How many natural numbers $n$ are there such that $n!+10$ is a perfect square

Question

How many natural numbers $n$ are there such that $n!+10$ is a perfect square?

The explanation given here is not very intuitive and I can't understand how to answer this question.

Answer 1

If you factor a perfect square into primes, every prime has an even exponent. The argument made says that for all $n \gt 5,$ there are at least two factors of $2$ in $n!$. In fact, this is true for all $n \ge 4$, but they covered $4$ and $5$ in the casework. Once $n!$ is a multiple of $4$, $n!+10\equiv 2 \pmod 4$ has an odd exponent of $2$, so it cannot be a perfect square.

Answer 2

Note that the perfect square numbers have the form $4k$ or $4k+1$ ($n=2m\to n^2=4m^2$ or $n=2m+1\to n^2=4(m^2+m)+1$).

If $n>3$, $n!$ is multiple of 4 and $n!+10\equiv 2 \mod 4$, an absurd.
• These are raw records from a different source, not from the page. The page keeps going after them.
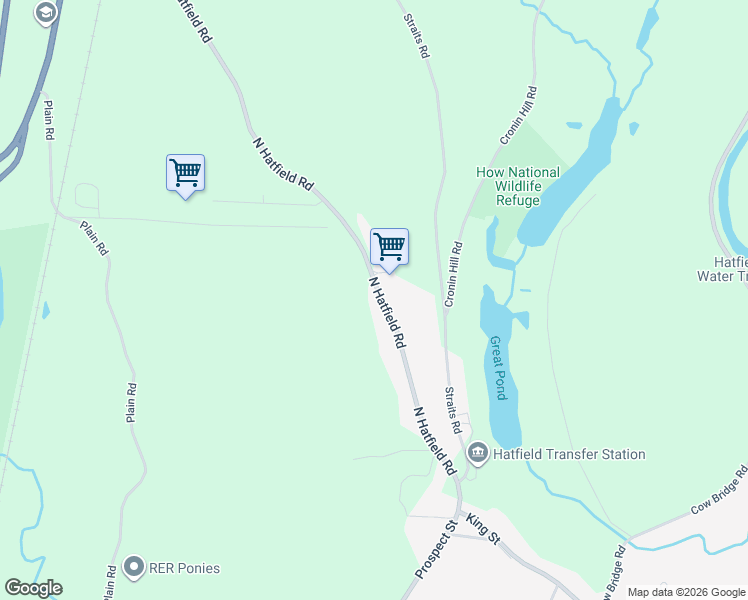 map of restaurants, bars, coffee shops, grocery stores, and more near 61 N Hatfield Rd in Hatfield
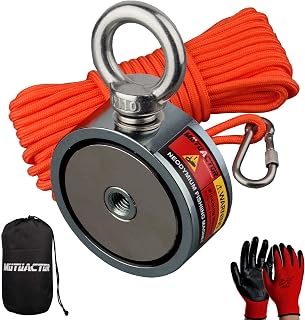 MUTUACTOR Strong Fishing Magnets Double side Retrieval Magnet N52 Neodymium Magnets with 20m(64 Foot) Durable Rope,Powerful Magnets for Fishing and Magnetic Recovery Salvage¡­ (Combined 880lbs with 66 feet rope)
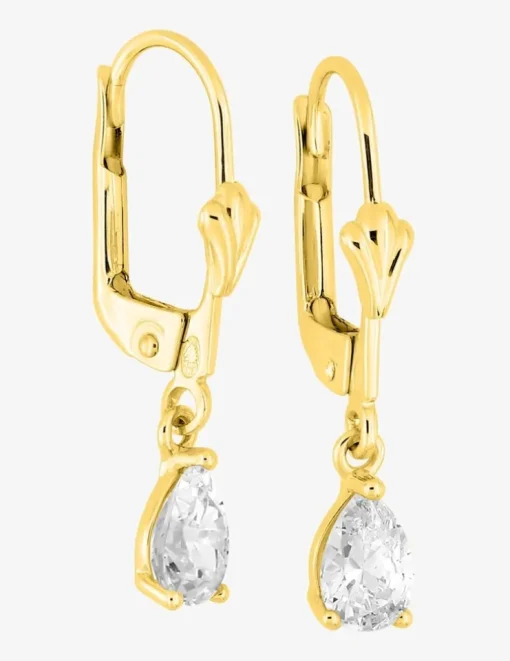 Boucles d'oreilles dormeuses or jaune 750 ‰, oxyde de zirconium SO OR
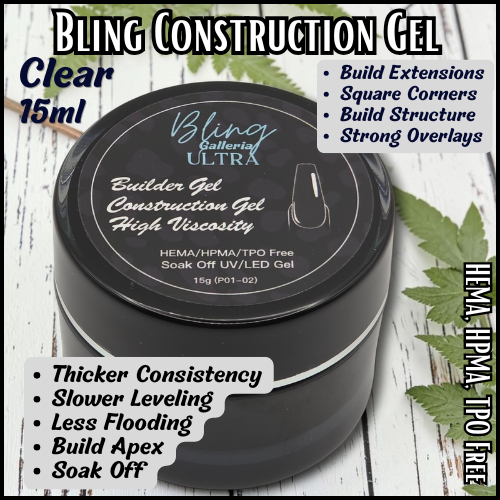 ULTRA Construction Builder Gel, Clear, 15 ml Jars - HEMA, HPMA, TPO Free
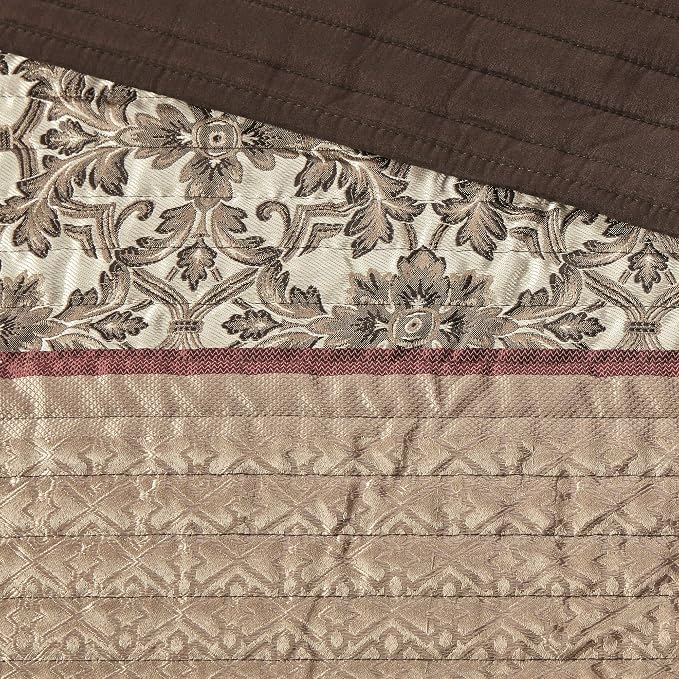 Madison Park Quilt Set Luxurious Jacquard Stripes Design - All Season, Coverlet Bedspread Lightweight Bedding Layer, Shams, Decorative Pillow, Full/Queen(90"x90"), Floral Red 5 Piece | All Season, Luxurious Coverlet Bedspread Lightweight Bedding Layer,...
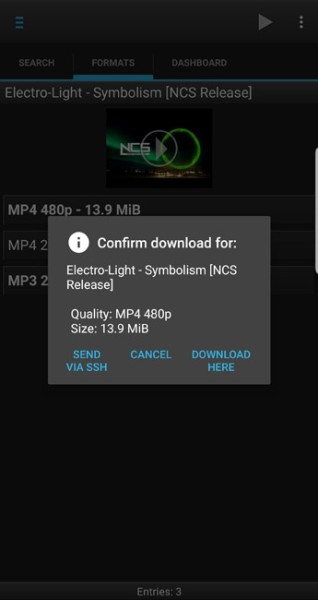 music video download screen on youtube video downloader app
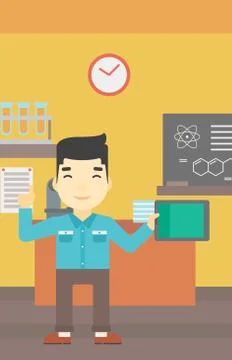 Male student using tablet computer in classroom 库存插图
Checking $n=1,2,3$, the only solution is $n=3$

Answer 3

The solution is saying:

$n! + 10= 2*3*4*5*6*......*n + 10$

$=10 (3*4*6*......*n +1) $

So $3*4*6*.....*n +1$ is odd so not divisible by 2..

$10$ is divisible by 1 power of two but not any higher power. So $n! +10$ is divisible by 2 but not 4. So it isn't a perfect square.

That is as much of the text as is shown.